'''
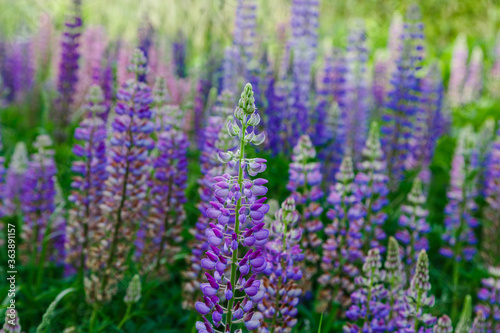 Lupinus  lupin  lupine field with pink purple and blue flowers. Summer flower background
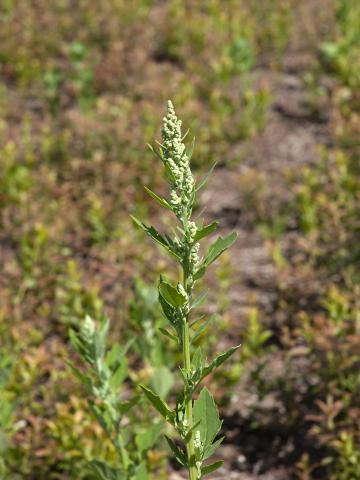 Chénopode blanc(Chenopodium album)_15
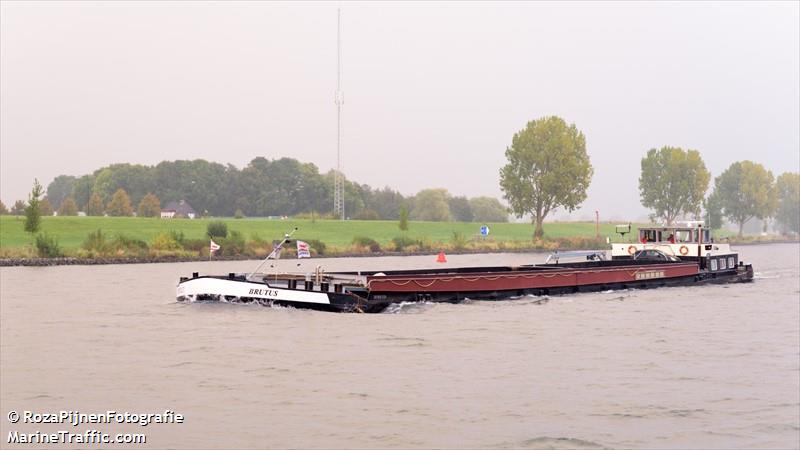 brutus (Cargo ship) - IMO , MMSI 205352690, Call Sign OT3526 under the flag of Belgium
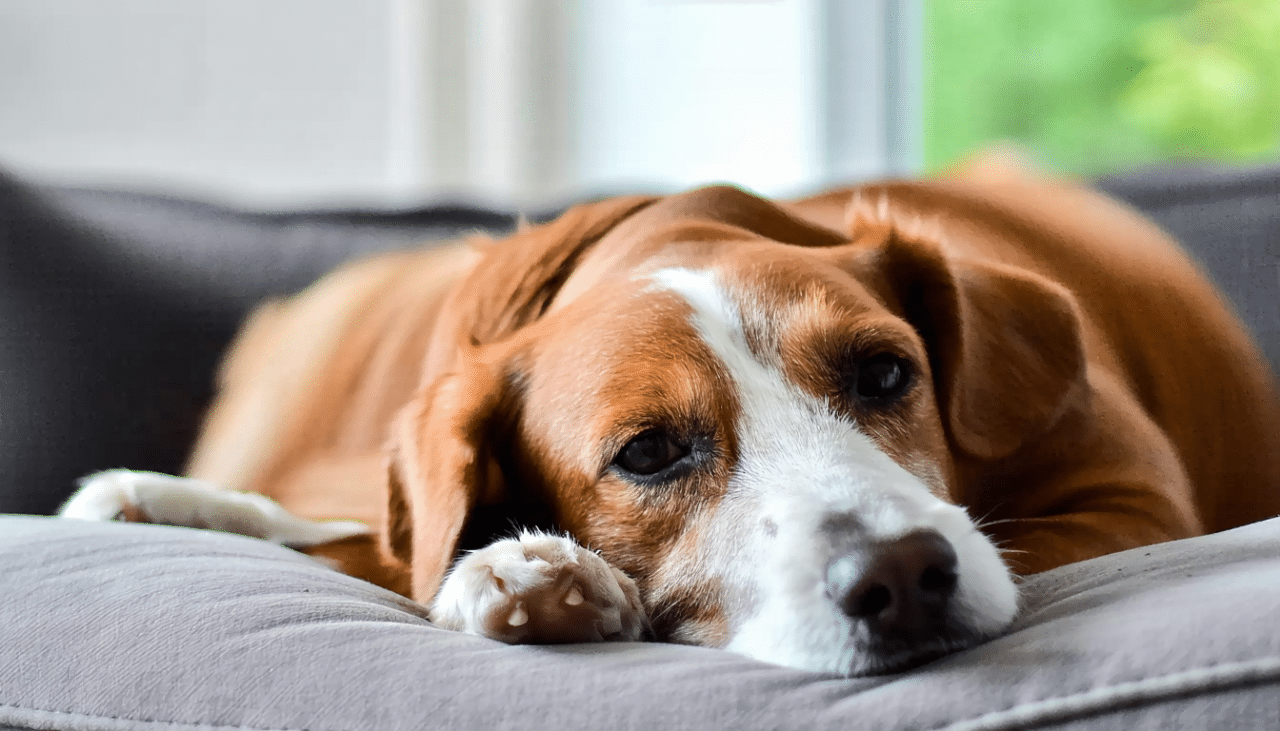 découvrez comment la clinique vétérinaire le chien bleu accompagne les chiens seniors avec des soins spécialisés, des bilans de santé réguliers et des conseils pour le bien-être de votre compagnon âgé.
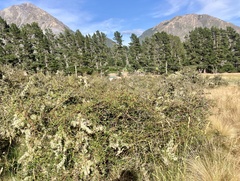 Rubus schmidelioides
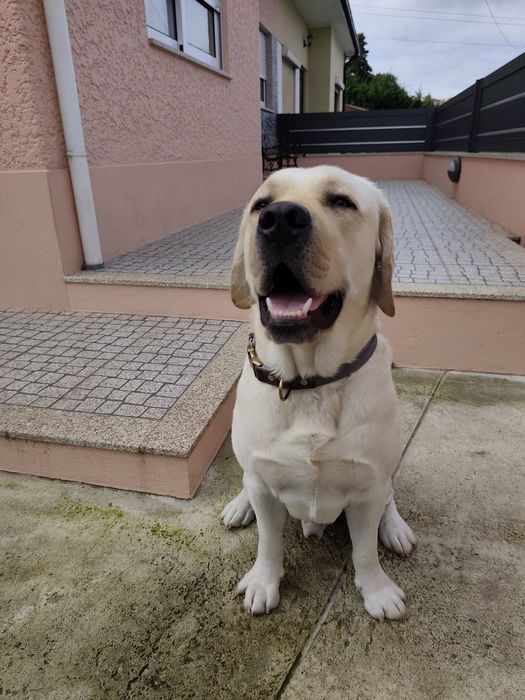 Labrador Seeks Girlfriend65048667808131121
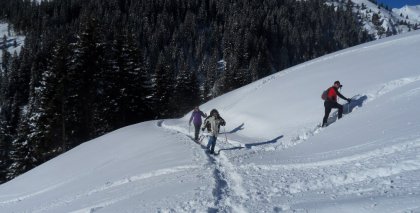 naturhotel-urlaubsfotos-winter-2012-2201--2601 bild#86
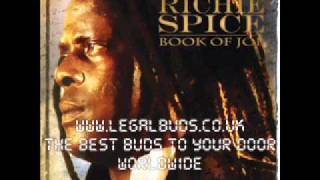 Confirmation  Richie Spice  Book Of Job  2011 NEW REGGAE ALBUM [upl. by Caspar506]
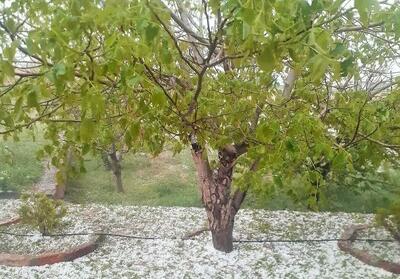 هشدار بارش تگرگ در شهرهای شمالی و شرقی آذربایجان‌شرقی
'''
'''
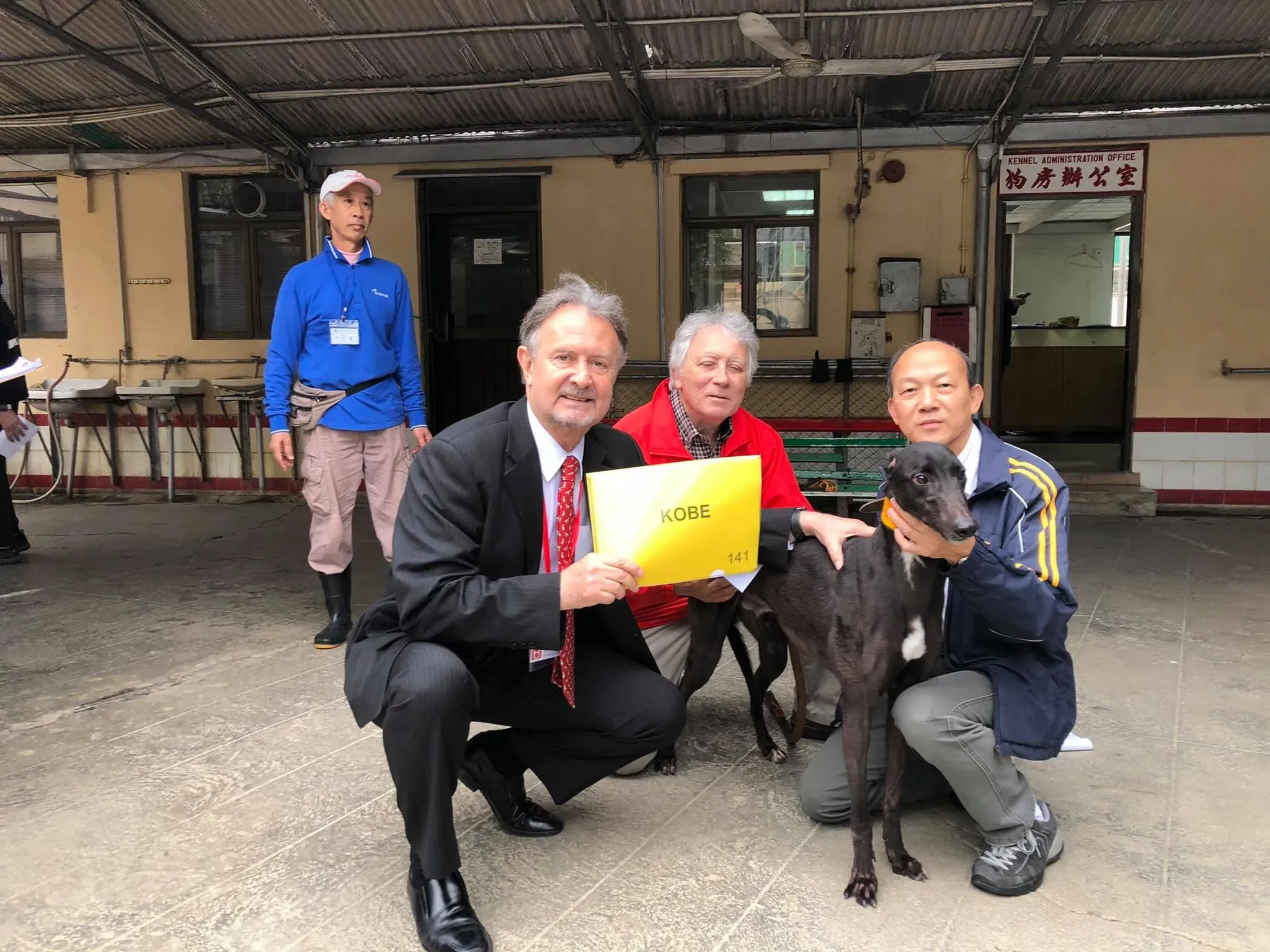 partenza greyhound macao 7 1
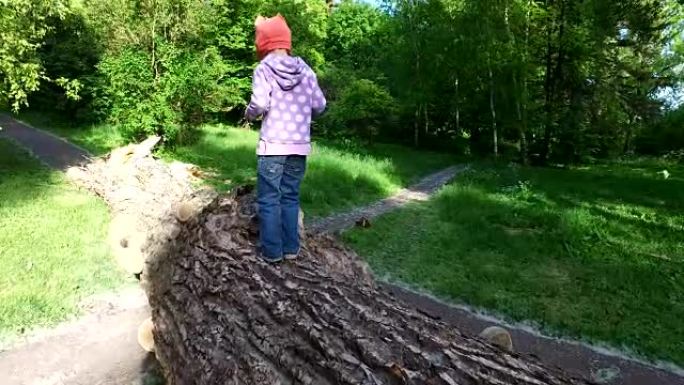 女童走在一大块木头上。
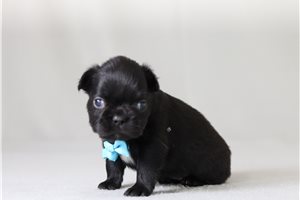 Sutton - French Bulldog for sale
'''
Assignment » Using the data above, set down each line from the line with "découvrez comment la" to the line with "هشدار بارش تگرگ" exactly, both ends included, and leave the pictures behind. Nothing else belongs.

Exercise response »
 découvrez comment la clinique vétérinaire le chien bleu accompagne les chiens seniors avec des soins spécialisés, des bilans de santé réguliers et des conseils pour le bien-être de votre compagnon âgé.
 Rubus schmidelioides
 Labrador Seeks Girlfriend65048667808131121
 naturhotel-urlaubsfotos-winter-2012-2201--2601 bild#86
 Confirmation  Richie Spice  Book Of Job  2011 NEW REGGAE ALBUM [upl. by Caspar506]
 هشدار بارش تگرگ در شهرهای شمالی و شرقی آذربایجان‌شرقی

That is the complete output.